Yes, Stranger Things is "the best new show on Netflix so far this year", says Chris Plante on The Verge. It won't be to everyone's taste, "but I am glad to have another show that actually likes both its characters and the human race".

Ben Travers on Indiewire, however, says Stranger Things "ends up feeling more like an imitation of a modern movie paying homage to the 80s than an authentic ode to 80s films". He feels it's more like an homage to JJ Abrams Super 8 - itself an homage to Spielberg - than a genuine homage.

"The films 'Stranger Things' honors transcended their genres. This seems happy to propitiate them," concludes Travers.

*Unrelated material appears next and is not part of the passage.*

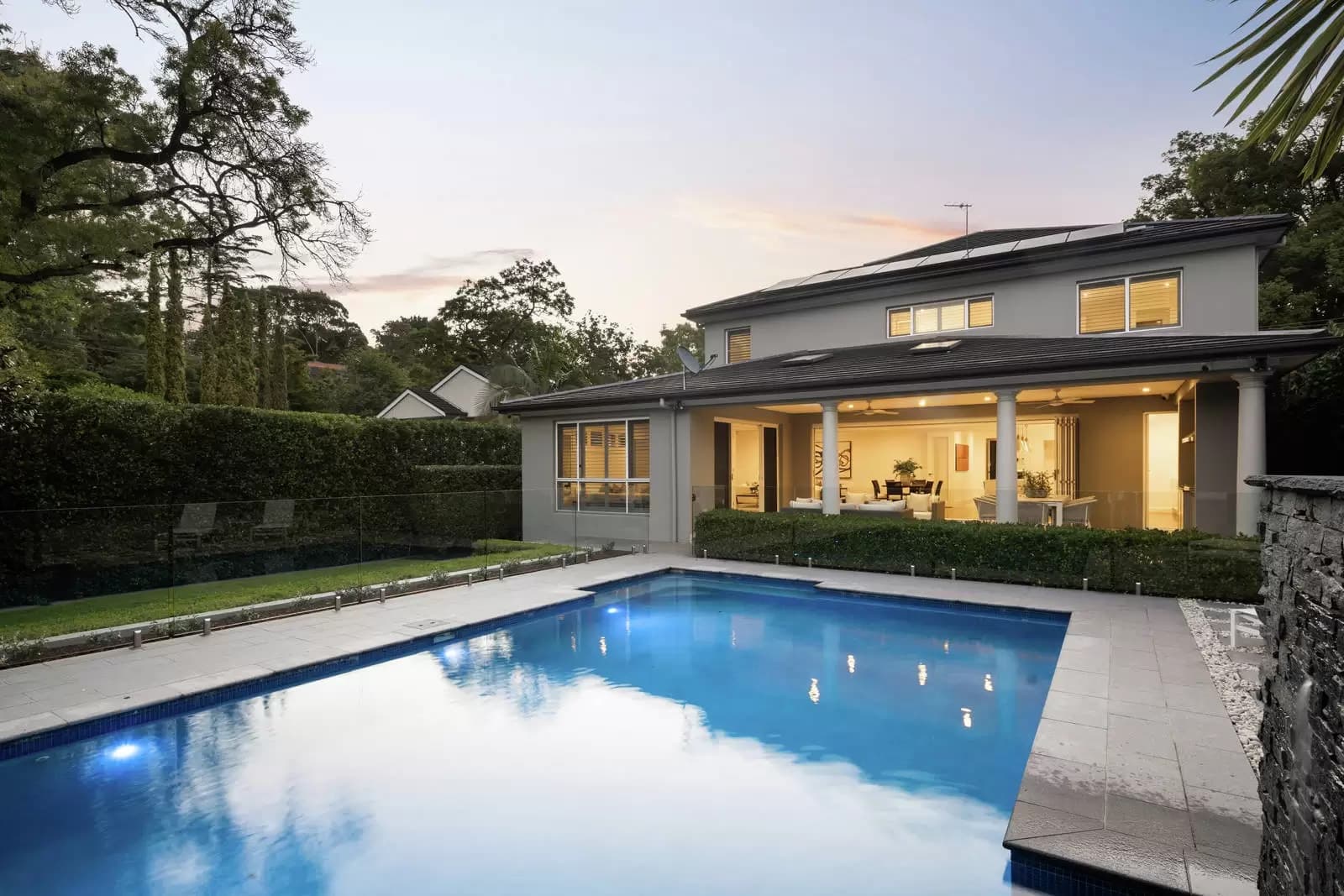 17 King Edward Street, Pymble, Pymble - Thumbnail 8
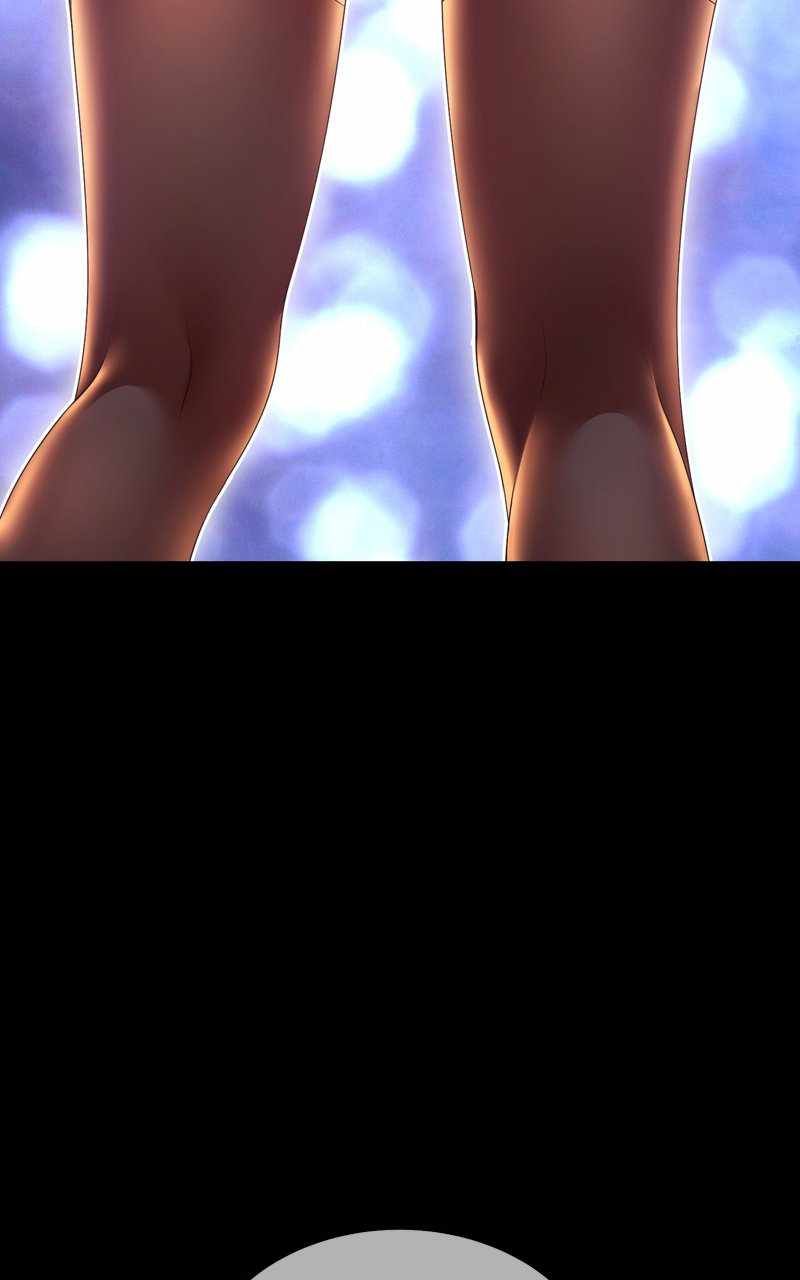 +99 Wooden stick chapter 75 page 320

 Stranger things: what is it about?

19 July

Television viewers and critics are hailing Netflix's new supernatural thriller Stranger Things as the television event of the summer.

Equal parts Stephen King and Steven Spielberg, the story follows a trio of plucky nerds in 1980s small-town Indiana who set out in search their missing friend, Will. As the trail goes deeper, they stumble across an almost-mute girl calling herself Eleven who appears to possess mysterious telekinetic powers and could hold the secret to their pal's disappearance. 

Meanwhile, Will's mother, Joyce, played by Winona Ryder, is convinced her son is trying to communicate with her via electricity, leading the town to suspect she has gone crazy - but then she starts experiencing horrifying supernatural visions.

When the local sheriff runs up against a top-secret government research facility that doesn't seem too keen on his search for the missing boy, solving the mystery behind Will's disappearance becomes a race against time.

The eight episodes run into each other like a film, making the show fiendishly addictive. Producer Shawn Levy told the London Evening Standard he would be "amazed" if viewers could resist binge-watching the whole series. "If they can watch an episode every several days, we've probably failed," he said.

With a John Carpenter-inspired synth score and references to everything from ET to Stand By Me, Stranger Things "is an ode to all things 80s", adds Kate Abbott in The Guardian. It also wins "ultimate nostalgia points" for starring 1980s "It Girl" Ryder.

With a Ghostbusters reboot in cinemas and a remake of Jumanji in the works, there's definitely a "wave of nostalgia at the moment for a certain kind of family-friendly horror", says Tristram Fane Saunders in the Daily Telegraph. Enter the "brilliant" Stranger Things, a "stylish" take on 1980s sci-fi and horror. "Once you've been drawn into it, there's no turning back," he writes.

But Stranger Things is more than just an exercise in nostalgia, claims Daniel Fienberg in the Hollywood Reporter. The show is a "satisfying, spooky and carefully arced mystery" in its own right, with some unexpectedly strong juvenile performances and a comeback for Ryder.

Sure, "geeking out over shared pop culture experiences is part of why Stranger Things works", the critic admits, but the show also "weaves a good yarn that keeps you guessing" and "avoids becoming trapped or bogged down in mythology".